Il y a dans le pays avec une population de 7 millions plus de 340 hôpitaux avec 52 000 lits, leurs dettes dépassant les 260 millions d’euros. Il s’agit d’hôpitaux généraux, spécialisés, universitaires, régionaux, urbains, communaux, privés…Dans tous ces établissements médicaux les patients assurés devraient en principe recevoir si nécessaire des soins médicaux, des interventions et des médicaments sans qu’ils soient obligés de payer quoi que ce soit de supplémentaire. La pratique est cependant différente – on trouvera difficilement un patient qui n’a pas eu à bourse délier lors de son séjour à l’hôpital – en dessous de la table ou bien conformément à des listes des prix officielles. Il en va de même pour les médicaments achetés en pharmacie sur prescriptions des médecins personnels – la CNAM ne rembourse qu’environ 50% du prix des médicaments qu’elle a inscrit sur sa liste de remboursement, les 50% restant étant à la charge du patient. Finalement on en arrive à quelque 4 milliards d’euros dépensés chaque année dans le système de la santé en Bulgarie pour une population de 7 millions. Il s’agit notamment de 45 millions de visites chez le docteur et de 35 millions d’hospitalisations. On pourrait à cette lumière conclure qu’il y a suffisamment d’argent pour la santé malgré les primes d’ assurances maladie assez modérées de l’ordre de 8% des revenus. C’est justement dans ce contexte qu’on observe les critiques les plus sévères de ceux qui n’approuvent pas les deux modèles de réformes proposés. Les autorités sont accusées en permanence non pas pour le manque de subventions mais pour la mauvaise gestion du système, les règlements désuets, les abus et malversations. Car ceux qui critiquent les mesures soulignent que les problèmes ne sont pas uniquement financiers et que les deux paquets ne concernent que les subsides et assurances maladie. Mais en réalité, expliquent-ils, personne ne sait combien coûte par exemple un traitement donné ce qui fait que la CNAM ne rembourse qu’une partie des coûts qui devront être couverts par les hôpitaux et les médecins an facturant des prestations supplémentaires inventées ou en obligeant les patients à payer de leurs poches. Ne parlons pas des 500 mille Bulgares qui n’ont pas des assurances maladie mais que les hôpitaux et les médecins sont obligés d’examiner et traiter.

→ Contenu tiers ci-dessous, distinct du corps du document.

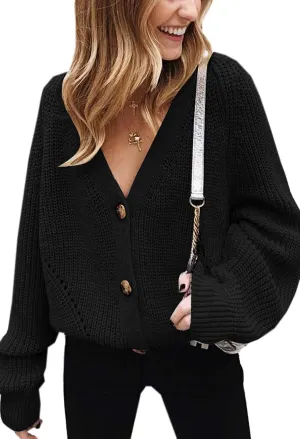 Angashion Women's V Neck Button Down Long Sleeve Cable Knit Cardigan Sweaters Outerwear Tops
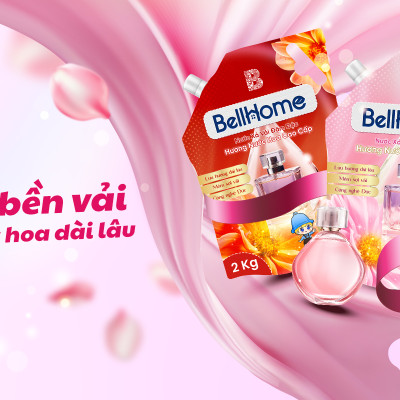 Túi Nước Xả Vải Bell Home Hồng Hương Nước Hoa Sang Trọng 2KG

Le nouveau ministre de la santé publique Ananiev mérite d’être félicité pour sa retenue et pour son appel à la société de réfléchir ensemble le temps qu’il faut sur les réformes à entreprendre. Il souligne qu’il cherche le consensus dans la société. L’opposition parlementaire n’est toutefois pas de cet avis et le Parti socialiste bulgare de gauche a décidé de déposer lundi prochain à l’Assemblée nationale une motion de censure contre le gouvernement pour sa politique en matière de santé qu’il qualifie de « génocide ». Les chances que ce vote réussisse ne sont pas très grandes mais cela montre l’importance pour les Bulgares des problèmes de la santé. C’est pour cette raison que les auteurs des réformes expliquent qu’on ne devra pas faire les choses à la hâte et qu’il faudra résoudre tous les problèmes en suspens ce qui ne sera pas possible cette année, a expliqué la Commission parlementaire à la santé publique. Espérons que le ministre Ananiev aura la possibilité et le temps de faire cela car aucun de ses prédécesseurs n’a eu le privilège d’élaborer, d’expliquer et d’appliquer les réformes qui s’imposent.